I'll work up another proposal that is based on everyone in the pool at once. Note that the time in between shifts isn't expected to be equitable across the shifts - we'll still have fewer participants for those shifts aligned with APAC.
Also noted (in this issue description) a proposed schedule for implementing these changes. Proposing the expansion of the two adjacent shift to 6 hours starting on June 17 15, then the change to 4 day blocks and adding all eligible IMs on June 27.
Created this sheet with all team members meeting the description in the MR. Will need to get the preferences noted. @timzallmann@cdu1@sgoldstein @whaber @marin can you assist with this for all your team members? I started filling it in with everyone already on the schedule.
@sloyd thanks, that's exciting! How will this work for the existing shift swaps that some people have put in for July and August (not me; I am not organised enough).
I also deleted Nick Thomas and Andreas Brandl from that sheet as they no longer work here There might be others, too.
How will this work for the existing shift swaps that some people have put in for July and August
@smcgivern This will mess those up. Once the selections in the shift preferences are completed I'll map out what the schedule will look like for the next two months so that everyone can see it ahead of time.
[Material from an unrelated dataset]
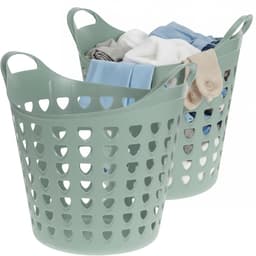 Excellent Houseware Flexibele wasmand - 2x - groen - 26 liter - kunststof - 40 x 41 cm — thumbnail 1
We'll need to interrogate each of the existing overrides that are on or after June 27. I expect most of the existing overrides won't be needed, but that we'll have asks for new ones.
Once the selections in the shift preferences are completed I'll map out what the schedule will look like for the next two months so that everyone can see it ahead of time.
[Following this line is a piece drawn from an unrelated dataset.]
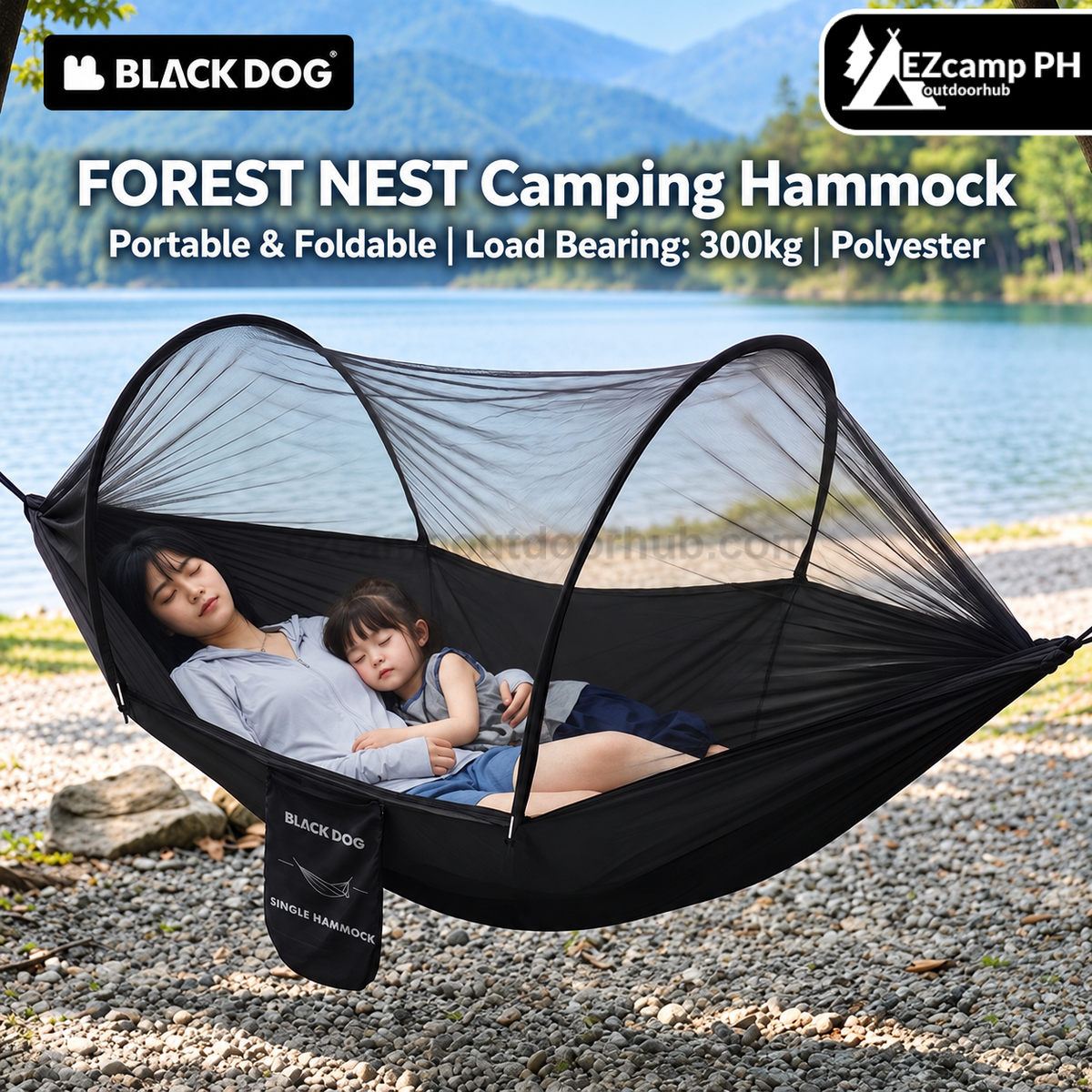 Blackdog FOREST NEST Camping Hammock With Mosquito Net Cover Outdoor Hanging Sleeping Bed 300kg Max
Thanks @sloyd, I'm glad my laziness is paying off!
I wanted to draw your attention to Incident Timelines, the MVC which is being released in 15.1. We are hopeful that this replaces the highly manual timeline that's in the incident template today, and make it easier to capture what happened during an incident and have the incident serve as the SSOT.
As you manage and help resolve the next incident, we'd love your feedback as you use the feature (please use gitlab-org&6376 (closed)).
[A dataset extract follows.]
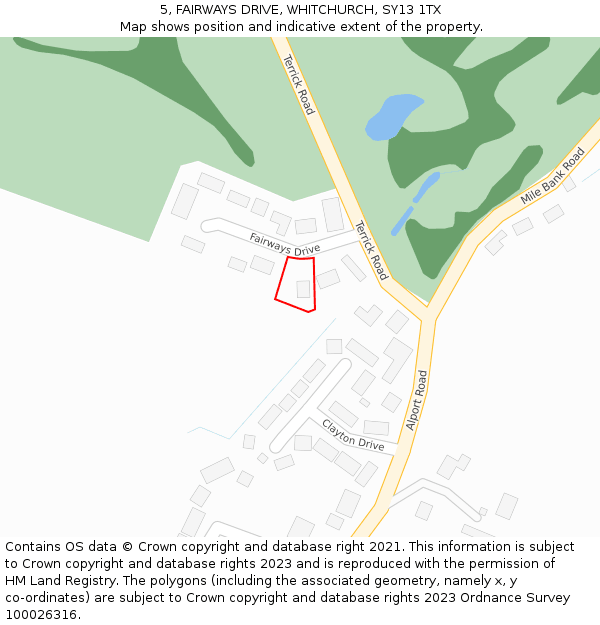 5, FAIRWAYS DRIVE, WHITCHURCH, SY13 1TX: Location map and indicative extent of plot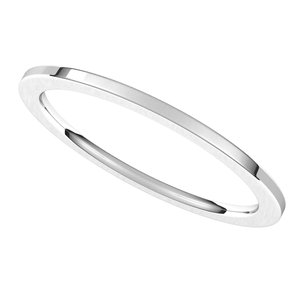 14K White 1 mm Flat Comfort Fit Band Size 10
We hope to officially incorporate the capability as part of our incident response process in the near future.
@kbychu This is very cool, and we probably should open a new issue to figure out how to dogfood this properly, since we probably don't want to take over this issue with a lengthy discussion.
It does look like there may be some experimentation with Incidents but as you can see most incidents are in Issues. It also looks like we probably need to turn on the feature flag for the timeline, as I'm not seeing the capability there yet.
***EDIT:
I realized after writing the above, that Incidents are actually a type of Issue, and we are in fact using Incidents. I've always accessed Incidents through Issues, so I did not realize they show up in two places Issues and Monitor>Incidents. It looks like the timeline feature could be dogfooded without changing much in our current process.
The next set of changes have been added to Pagerduty so that everyone call see the schedule ahead. It is important to move ahead to this step so that we can start to move on coverage where needed.
The updates to the schedule include:
renaming it to “Incident Manager - GitLab.com SaaS”
removed where some people were on multiple shifts, some up to 3. Nobody is on more than a single shift now.
Adjusted the shift blocks to 4 days instead of 3
Added new incident managers
As noted in the last point, new incident managers have been added. Some still need onboarding help (we’ll work on that).
There will still be more added, this is just the start.
Ask: Please look at the resulting schedule to ensure you are available, if you aren’t ask for coverage here in this channel. At this point only look until Aug 1. Past Aug 1 will still change as we add more team members to the rotation. Already the shifts are more than a month apart
When logging in to the pagerduty mobile app, I'm asked to select a Service Region (US login or EU login), and for SSO choose either US SSO Login or EU SSO Login.
What should APAC team members choose here? (or does it not really matter?)